Provided entries -

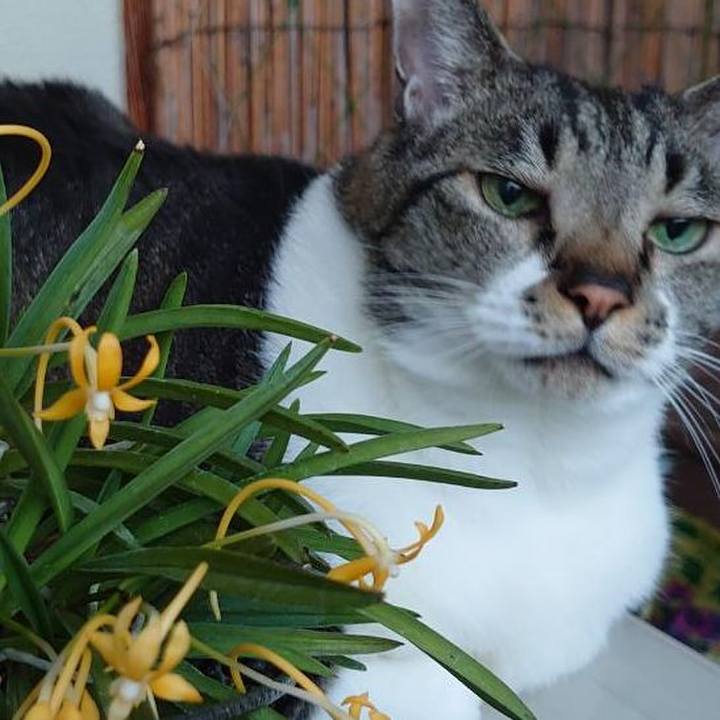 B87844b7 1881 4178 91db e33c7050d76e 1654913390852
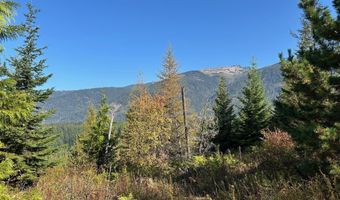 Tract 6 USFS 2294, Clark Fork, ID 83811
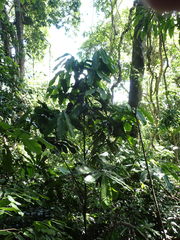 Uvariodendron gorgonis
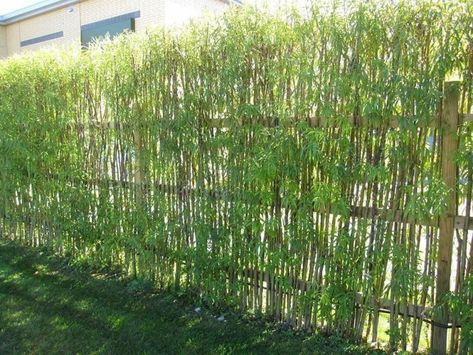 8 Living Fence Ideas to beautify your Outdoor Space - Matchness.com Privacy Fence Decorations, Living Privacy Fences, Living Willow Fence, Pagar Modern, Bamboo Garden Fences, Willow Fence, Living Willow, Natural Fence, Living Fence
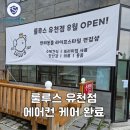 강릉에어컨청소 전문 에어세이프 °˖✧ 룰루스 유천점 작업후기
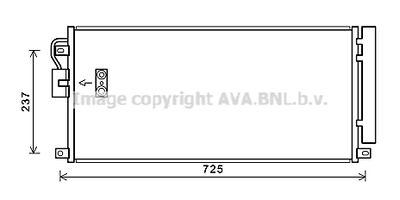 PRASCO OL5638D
---
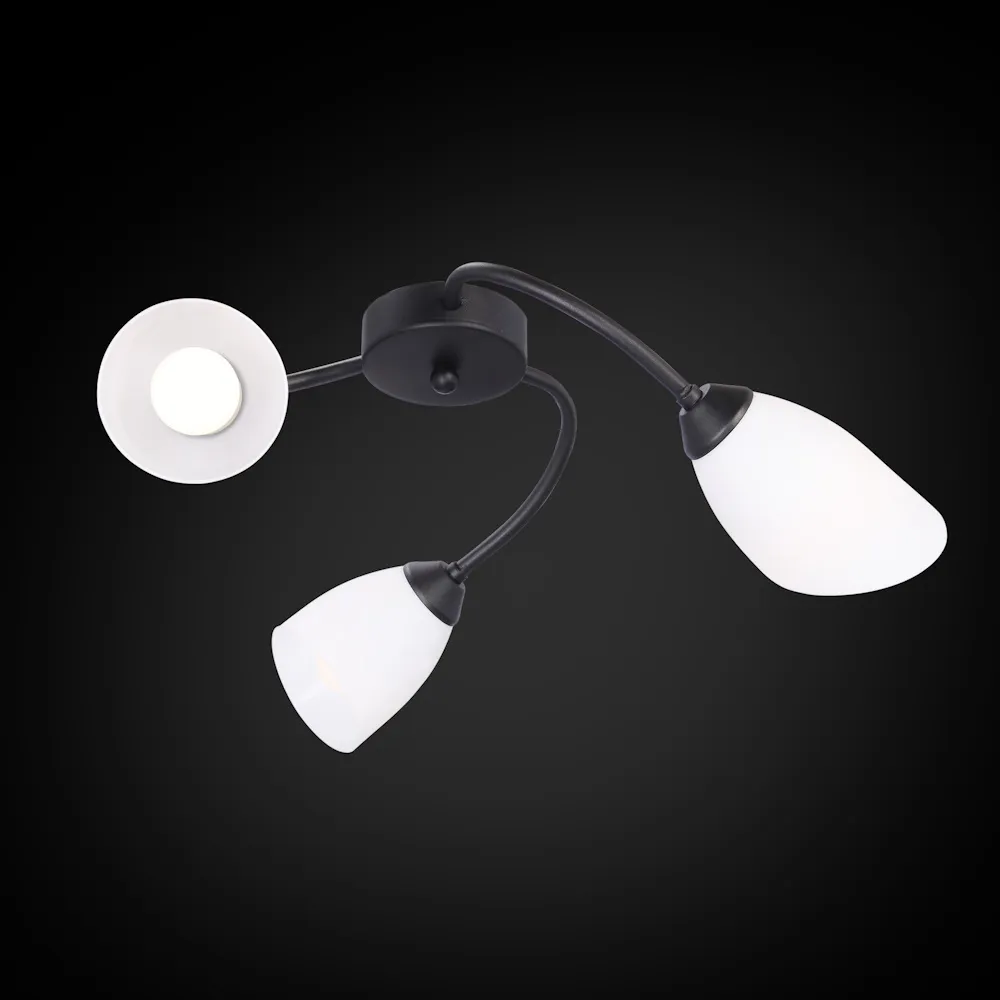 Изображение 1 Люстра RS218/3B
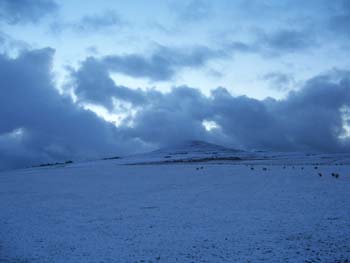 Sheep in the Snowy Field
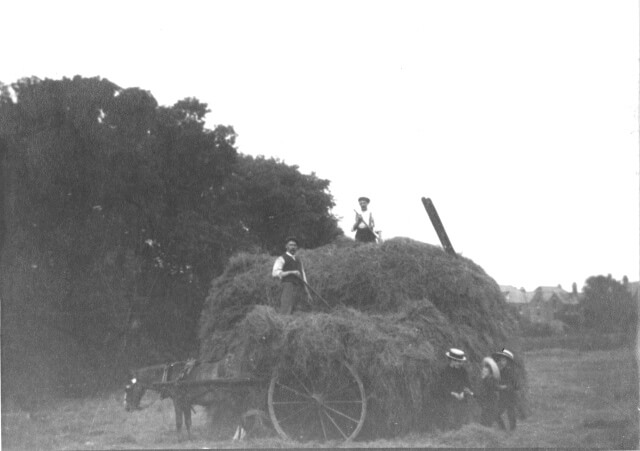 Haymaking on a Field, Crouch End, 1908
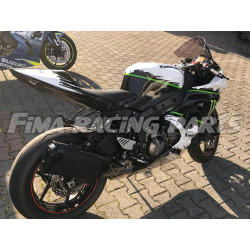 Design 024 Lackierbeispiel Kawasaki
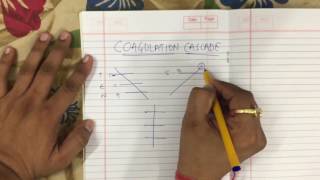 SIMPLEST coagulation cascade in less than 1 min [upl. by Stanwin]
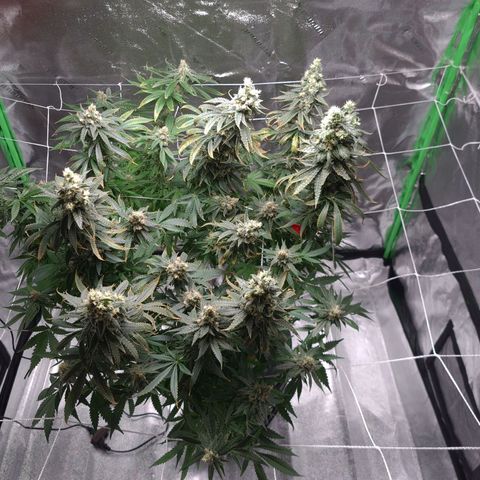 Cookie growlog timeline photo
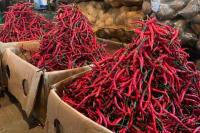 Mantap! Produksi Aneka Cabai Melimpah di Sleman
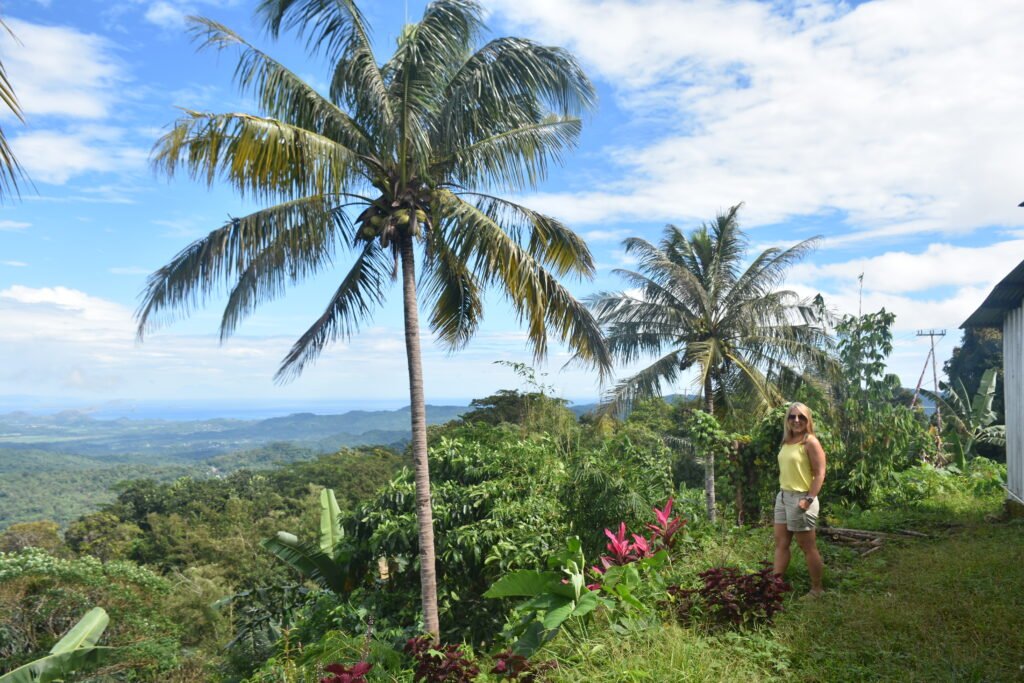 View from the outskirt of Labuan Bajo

Directions for this task -
Copy everything above from the line holding "B87844b7 1881 4178" down to the line holding "강릉에어컨청소 전문 에어세이프 °˖✧ 룰루스 유천점 작업후기", both ends included, exactly as it stands and without the pictures.

Output for this exercise -
 B87844b7 1881 4178 91db e33c7050d76e 1654913390852
 Tract 6 USFS 2294, Clark Fork, ID 83811
 Uvariodendron gorgonis
 8 Living Fence Ideas to beautify your Outdoor Space - Matchness.com Privacy Fence Decorations, Living Privacy Fences, Living Willow Fence, Pagar Modern, Bamboo Garden Fences, Willow Fence, Living Willow, Natural Fence, Living Fence
 강릉에어컨청소 전문 에어세이프 °˖✧ 룰루스 유천점 작업후기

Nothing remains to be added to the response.